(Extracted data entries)
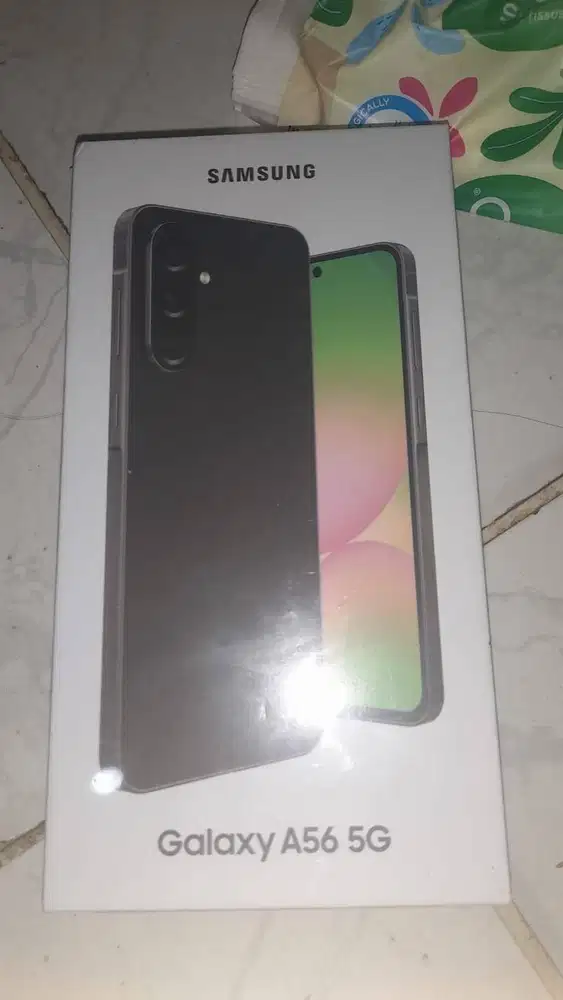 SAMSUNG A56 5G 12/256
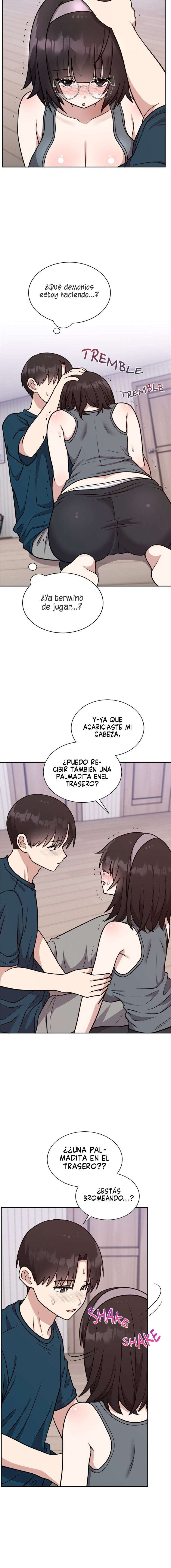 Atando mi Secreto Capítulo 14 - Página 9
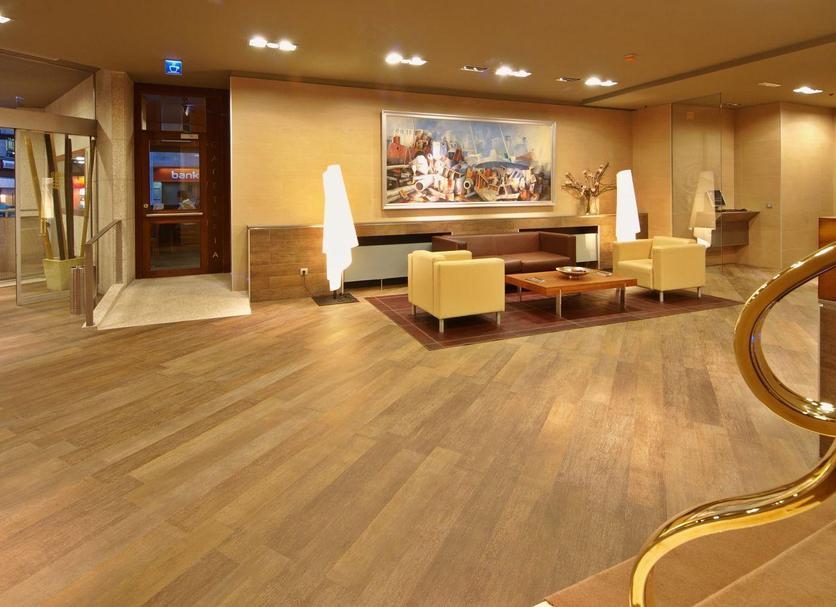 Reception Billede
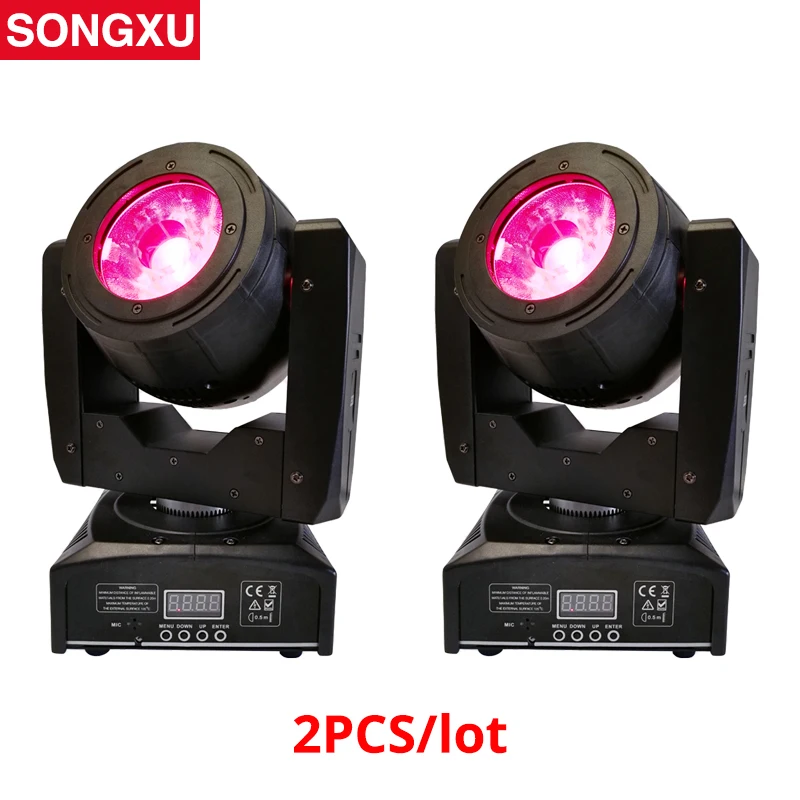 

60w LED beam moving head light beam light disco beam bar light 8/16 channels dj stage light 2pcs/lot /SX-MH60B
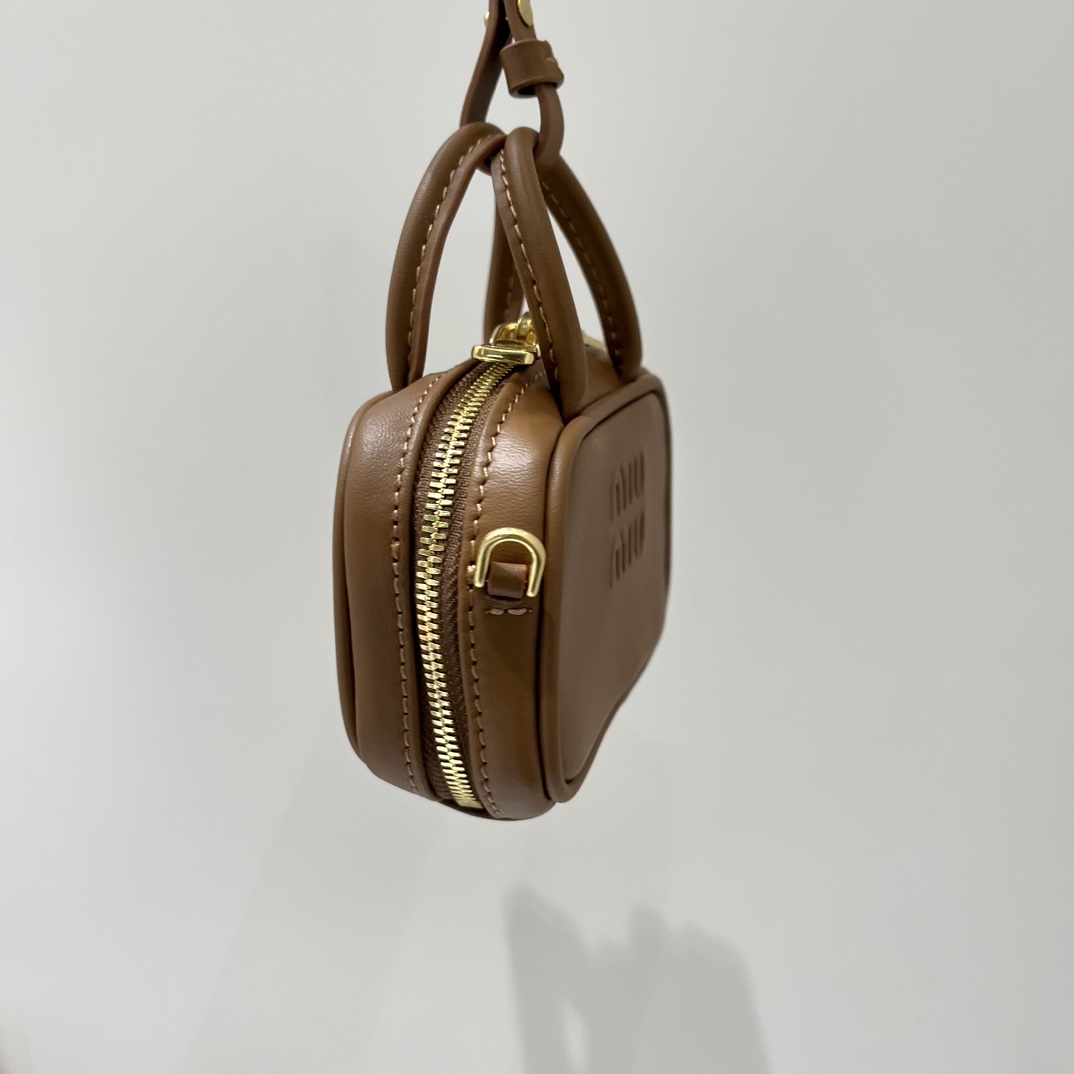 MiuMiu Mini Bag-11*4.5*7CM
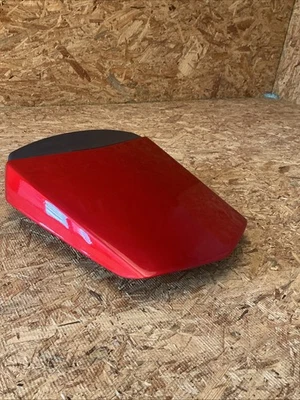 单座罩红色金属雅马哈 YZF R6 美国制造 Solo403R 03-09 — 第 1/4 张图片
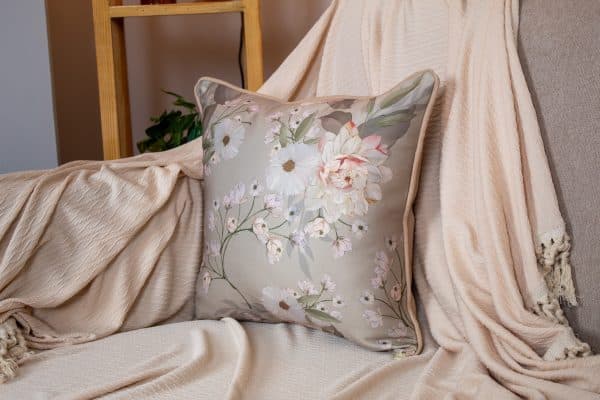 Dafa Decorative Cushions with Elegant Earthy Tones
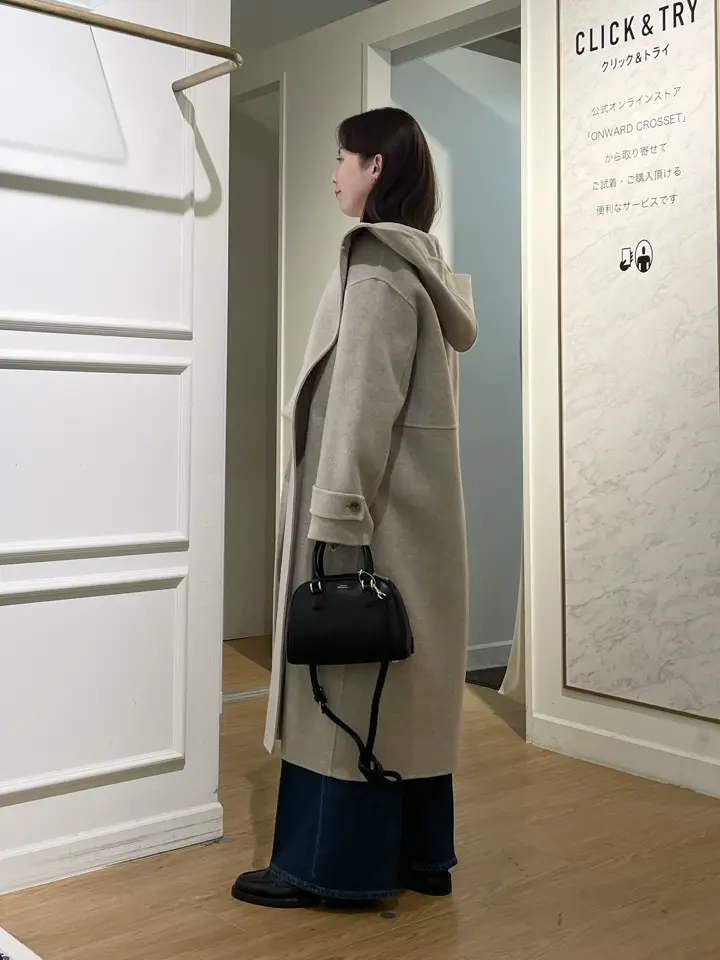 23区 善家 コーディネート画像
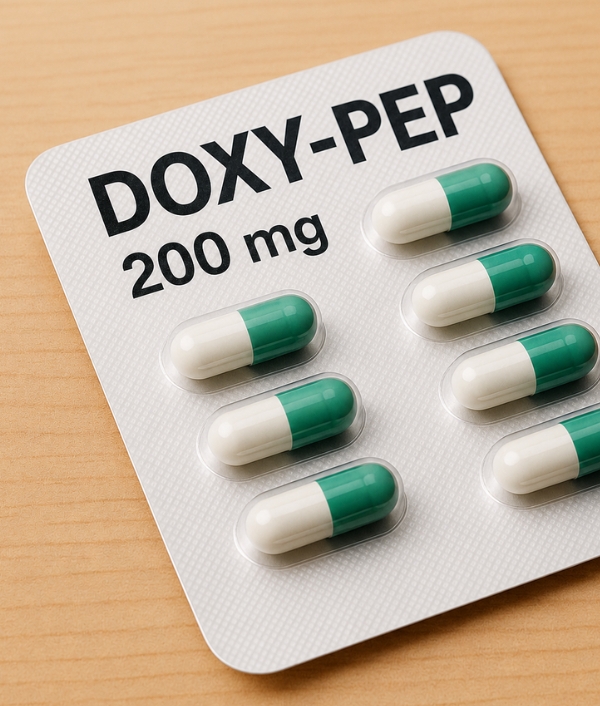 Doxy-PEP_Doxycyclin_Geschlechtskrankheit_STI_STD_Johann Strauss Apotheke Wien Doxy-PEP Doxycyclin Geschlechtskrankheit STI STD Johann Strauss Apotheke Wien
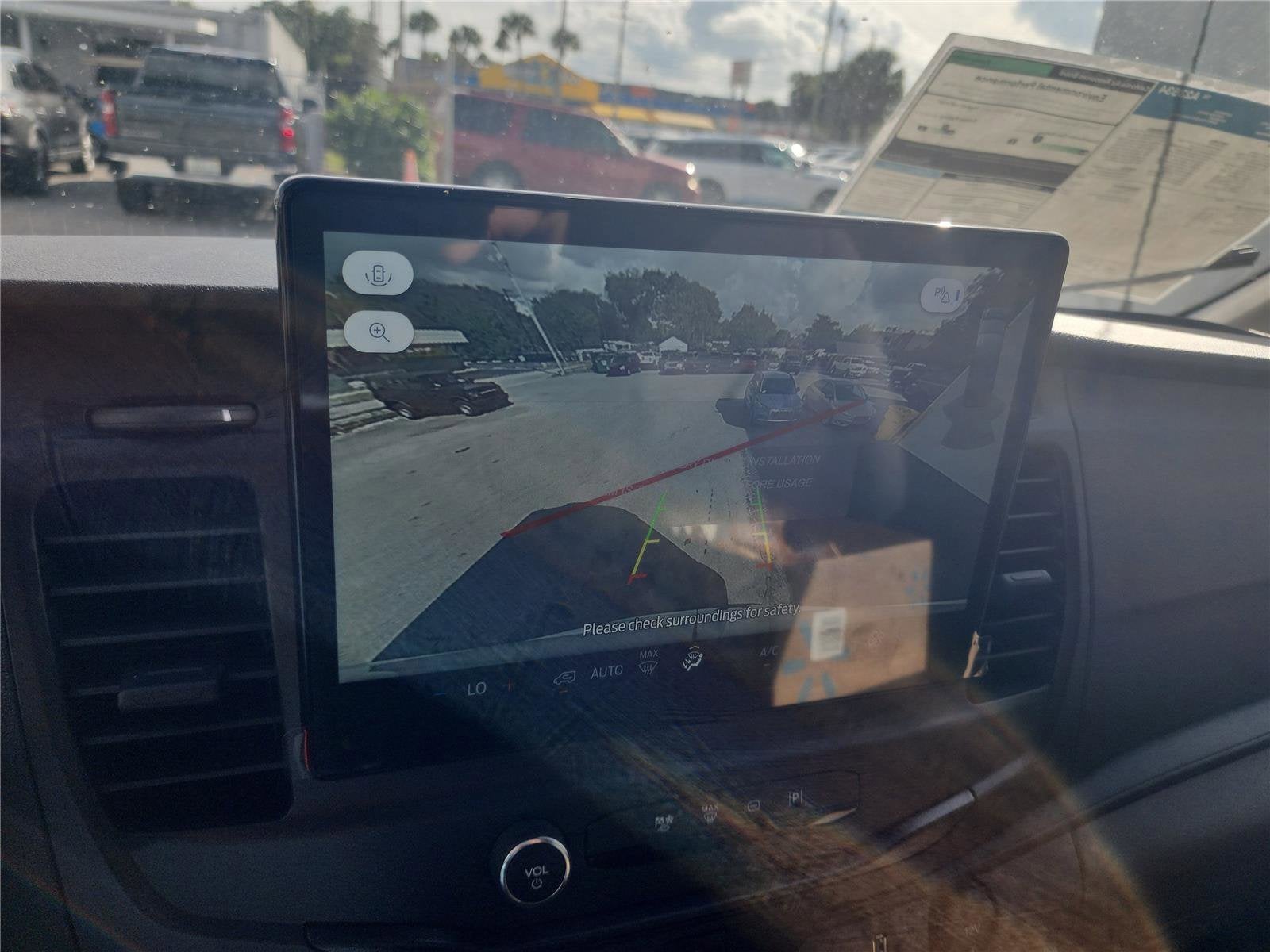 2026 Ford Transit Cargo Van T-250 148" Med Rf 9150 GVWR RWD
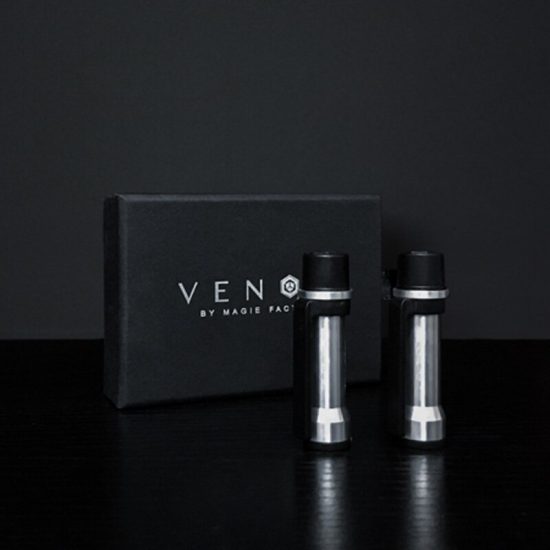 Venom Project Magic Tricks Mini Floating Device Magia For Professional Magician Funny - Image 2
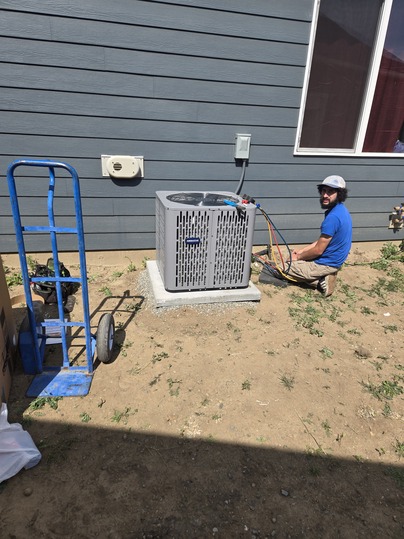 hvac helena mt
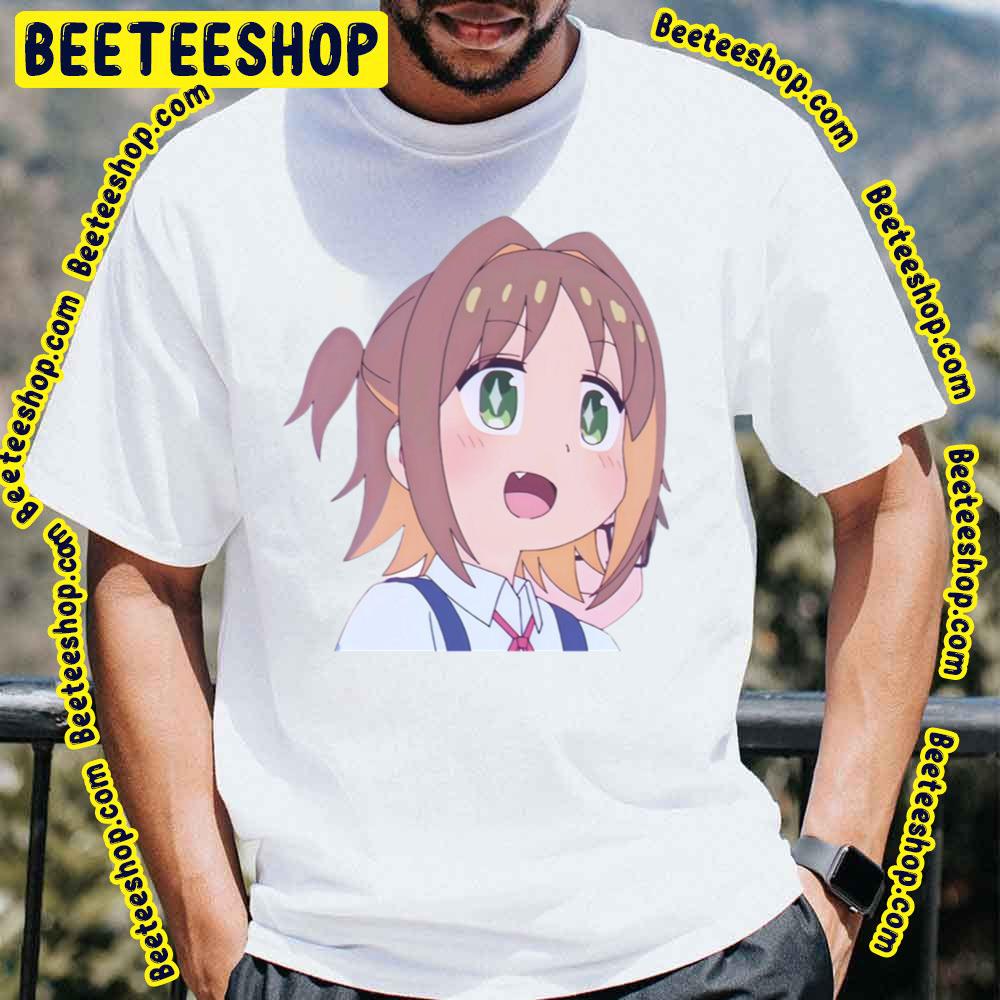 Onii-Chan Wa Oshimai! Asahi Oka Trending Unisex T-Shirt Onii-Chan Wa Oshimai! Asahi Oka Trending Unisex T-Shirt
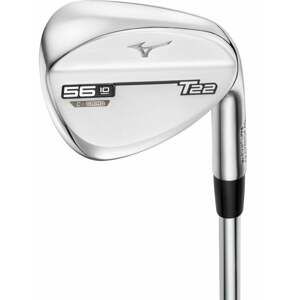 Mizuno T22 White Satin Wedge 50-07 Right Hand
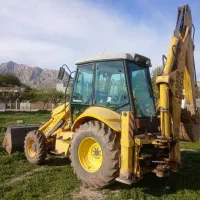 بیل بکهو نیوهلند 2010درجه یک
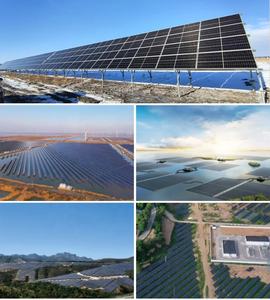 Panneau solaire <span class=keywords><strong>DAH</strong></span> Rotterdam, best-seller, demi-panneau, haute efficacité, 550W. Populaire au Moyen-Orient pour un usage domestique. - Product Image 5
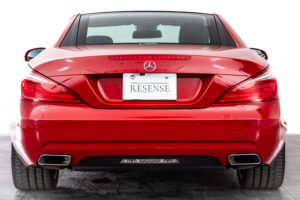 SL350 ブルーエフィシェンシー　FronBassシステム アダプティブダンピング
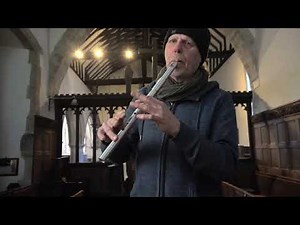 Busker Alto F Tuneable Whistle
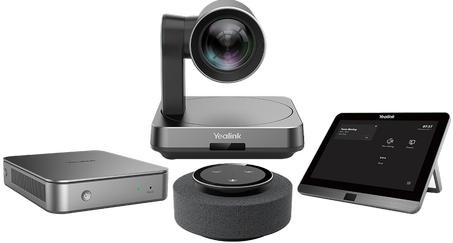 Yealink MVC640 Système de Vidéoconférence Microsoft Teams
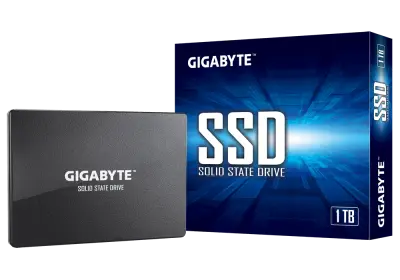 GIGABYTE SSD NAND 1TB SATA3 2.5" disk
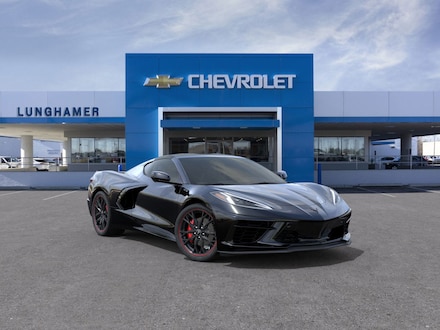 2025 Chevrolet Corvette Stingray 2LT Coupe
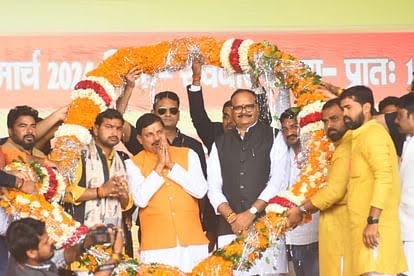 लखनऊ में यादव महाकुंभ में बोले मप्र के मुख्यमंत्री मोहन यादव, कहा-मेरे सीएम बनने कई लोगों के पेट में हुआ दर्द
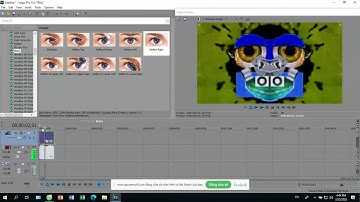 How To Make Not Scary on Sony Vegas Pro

__Problem__
Produce an exact copy of each line of data, skipping embedded images.

__Solution for this exercise__
 SAMSUNG A56 5G 12/256
 Atando mi Secreto Capítulo 14 - Página 9
 Reception Billede

60w LED beam moving head light beam light disco beam bar light 8/16 channels dj stage light 2pcs/lot /SX-MH60B
 MiuMiu Mini Bag-11*4.5*7CM
 单座罩红色金属雅马哈 YZF R6 美国制造 Solo403R 03-09 — 第 1/4 张图片
 Dafa Decorative Cushions with Elegant Earthy Tones
 23区 善家 コーディネート画像
 Doxy-PEP_Doxycyclin_Geschlechtskrankheit_STI_STD_Johann Strauss Apotheke Wien Doxy-PEP Doxycyclin Geschlechtskrankheit STI STD Johann Strauss Apotheke Wien
 2026 Ford Transit Cargo Van T-250 148" Med Rf 9150 GVWR RWD
 Venom Project Magic Tricks Mini Floating Device Magia For Professional Magician Funny - Image 2
 hvac helena mt
 Onii-Chan Wa Oshimai! Asahi Oka Trending Unisex T-Shirt Onii-Chan Wa Oshimai! Asahi Oka Trending Unisex T-Shirt
 Mizuno T22 White Satin Wedge 50-07 Right Hand
 بیل بکهو نیوهلند 2010درجه یک
 Panneau solaire <span class=keywords><strong>DAH</strong></span> Rotterdam, best-seller, demi-panneau, haute efficacité, 550W. Populaire au Moyen-Orient pour un usage domestique. - Product Image 5
 SL350 ブルーエフィシェンシー　FronBassシステム アダプティブダンピング
 Busker Alto F Tuneable Whistle
 Yealink MVC640 Système de Vidéoconférence Microsoft Teams
 GIGABYTE SSD NAND 1TB SATA3 2.5" disk
 2025 Chevrolet Corvette Stingray 2LT Coupe
 लखनऊ में यादव महाकुंभ में बोले मप्र के मुख्यमंत्री मोहन यादव, कहा-मेरे सीएम बनने कई लोगों के पेट में हुआ दर्द
 How To Make Not Scary on Sony Vegas Pro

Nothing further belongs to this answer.